Stammesutopisten gehen allerdings nur selten so weit wie Daniel Quinn. Der am 17. Februar 2018 verstorbene radikale Zivilisationskritiker rief in seinem Werk „Beyond Civilization” dazu auf, zivilisatorische Errungenschaften und Institutionen komplett hinter sich zu lassen, um neue Stammesgemeinschaften zu gründen.

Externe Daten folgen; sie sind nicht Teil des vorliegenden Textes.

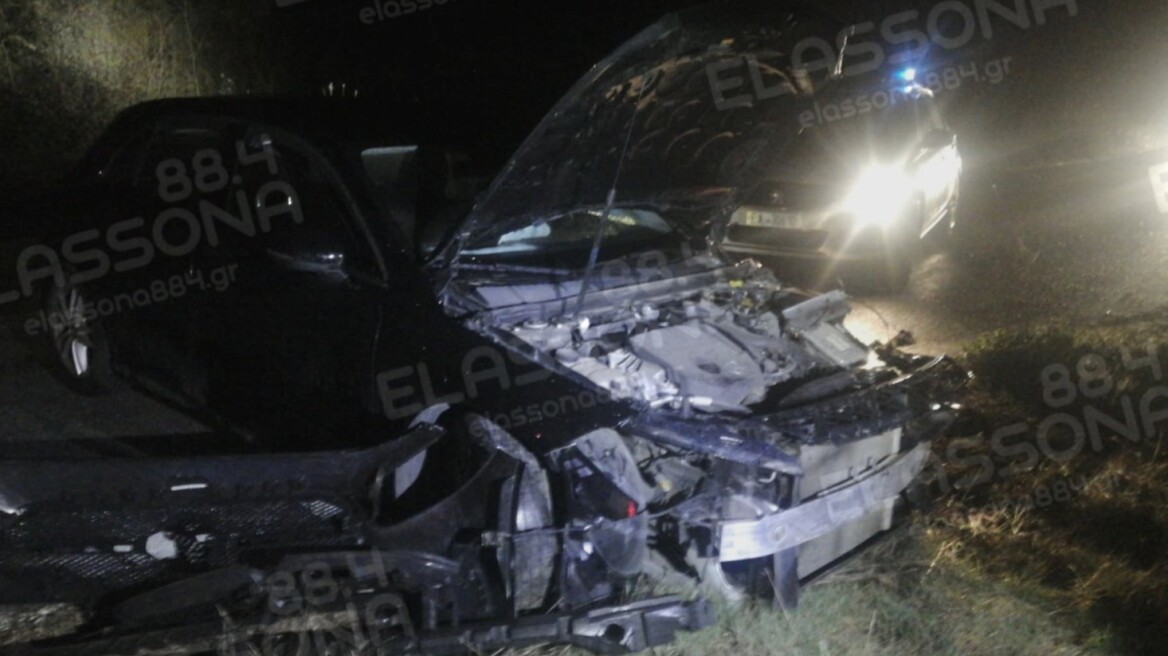 Ένας νεκρός σε τροχαίο στην Ελασσόνα μετά από πλαγιομετωπική σύγκρουση δύο οχημάτων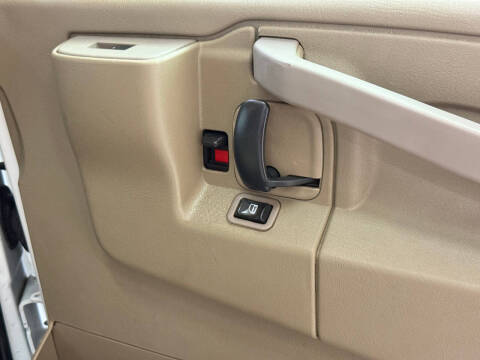 2017 Chevrolet Express 2500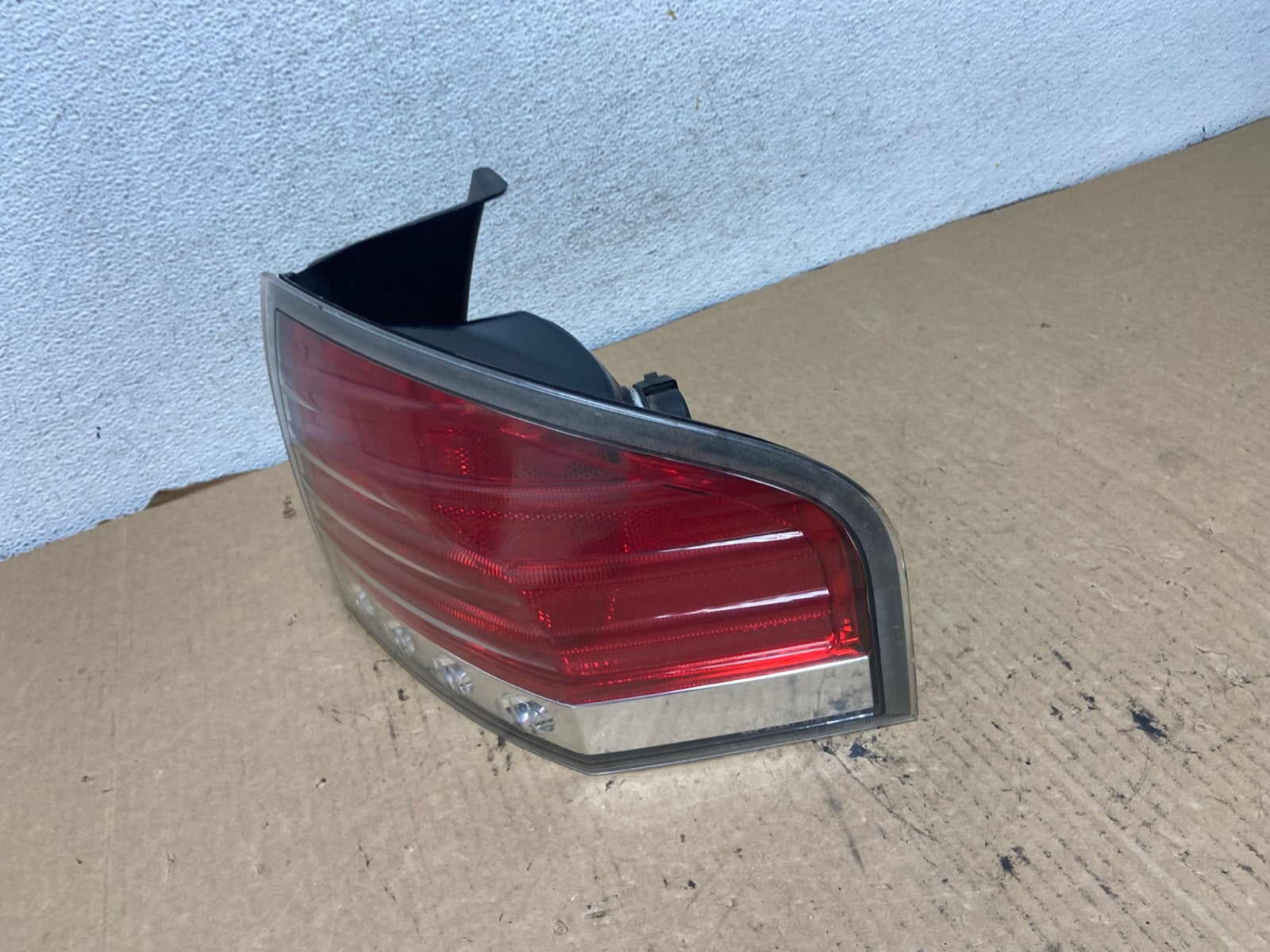 2007 2008 2009 2010 Lincoln Mkx Right Passenger Rh Side Tail Light AG2129 LK1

Zwei Haltungen sind typisch für Stammesutopien: „Ökoromantismus“, was mit Feindlichkeit gegenüber der industriellen Moderne verbunden ist, und sogar bei „völkischen“ Gemeinschaften Harmoniestreben nebst einem mehr oder weniger ausgeprägten Pazifismus. Allerdings existieren die meisten „modernen Stämme“ im urbanen Umfeld, und harmonisch-friedlich geht es bei ihnen auch nicht immer zu.
„Großstadtstämme“
Anfang der 1990er Jahre wurde vom französischen Soziologen Michel Maffesoli das Schlagwort vom „Urban Tribalism“ geprägt. Dabei ging es ihm allerdings nicht um Stämme im traditionelle Sinne, sondern um Subkulturen mit mehr oder weniger selbstgewählter Zugehörigkeit, die er „Mikrogruppen“ nannte.
Solche Mikrogruppen sind z. B. religiöse „Sekten“, Punks, Öko-Dörfler, aber auch Rockerbanden und politische Aktivistengruppen. Um 1980 gab es sogar Mikrogruppen innerhalb der Subkultur der linken „Spontis“, die sich ausdrücklich „Stadtindianer“ nannten. Diese zuerst in Italien auftretenden „Stadtindianer“ knüpften manchmal ironisierend, manchmal romantisierend an die Stammeskulturen amerikanischer Ureinwohner an – was oft mit einem gerütteltem Maß kultureller Aneignung verbunden war.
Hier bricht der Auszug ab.